# Bobcat mount



## Olgord (Jul 28, 2005)

Here's a bobcat from the 2010 bow season. I'm going to have an oak and glass display case built for it. Lonny Travis of Travis Taxidermy did the job. (www.travistaxidermy.net) In addition to doing beautiful work he is a super nice guy. After I hung up the phone, following my first conversation with him, I felt like I had just spoken with an old friend. I'd share a campfire with him anytime. Since I am in no way a photographer, the pics do not do this mount justice. OlGord


----------



## lightning6051 (Jul 21, 2011)

Great lookin cat!!!!! The eyes look awsome very nice mount


----------



## 1denogean (Jan 9, 2009)

that is a great looking bobcat i have seen many ugly ones in my day but that is a great mount


----------



## DTrain (Mar 4, 2005)

Very nice!


----------



## ManHunterUSMC (Sep 13, 2010)

Those eyes are perfect. Any tips, or videos I could get that would make my eyes that realistic?


----------



## FL-HNT-N-FSH (Dec 4, 2004)

great mount on a hard animal to do well.


----------



## TimberlandTaxi (Aug 29, 2009)

ManHunterUSMC said:


> Those eyes are perfect. Any tips, or videos I could get that would make my eyes that realistic?

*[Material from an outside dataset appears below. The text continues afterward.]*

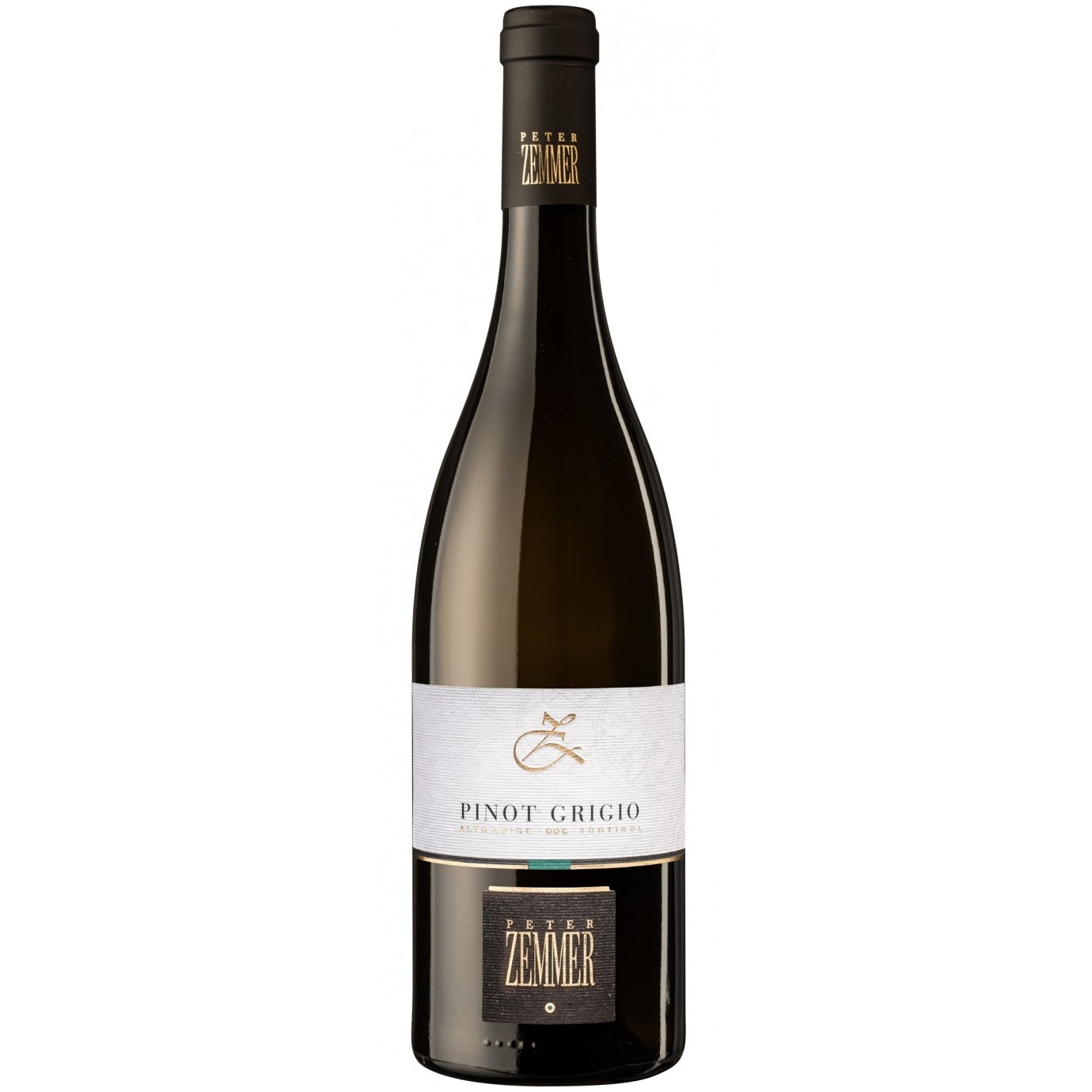 Вино Peter Zemmer Pinot Bianco Punggl DOC, 13,5%, 0,75 л (594139) - фото 1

That might be easier if you post a pic of what your eyes are looking like now, and we can give you tips on what to change.


----------



## huntnfishnut (Jan 12, 2011)

FL-HNT-N-FSH said:


> great mount on a hard animal to do well.


:thumbs_up


----------



## ManHunterUSMC (Sep 13, 2010)

I don't have a cat just yet. but i'll get one soon I'm sure and I'll PM you. Thank you!


----------



## lewie62 (Jan 9, 2009)

Nice cat! Congrats!


----------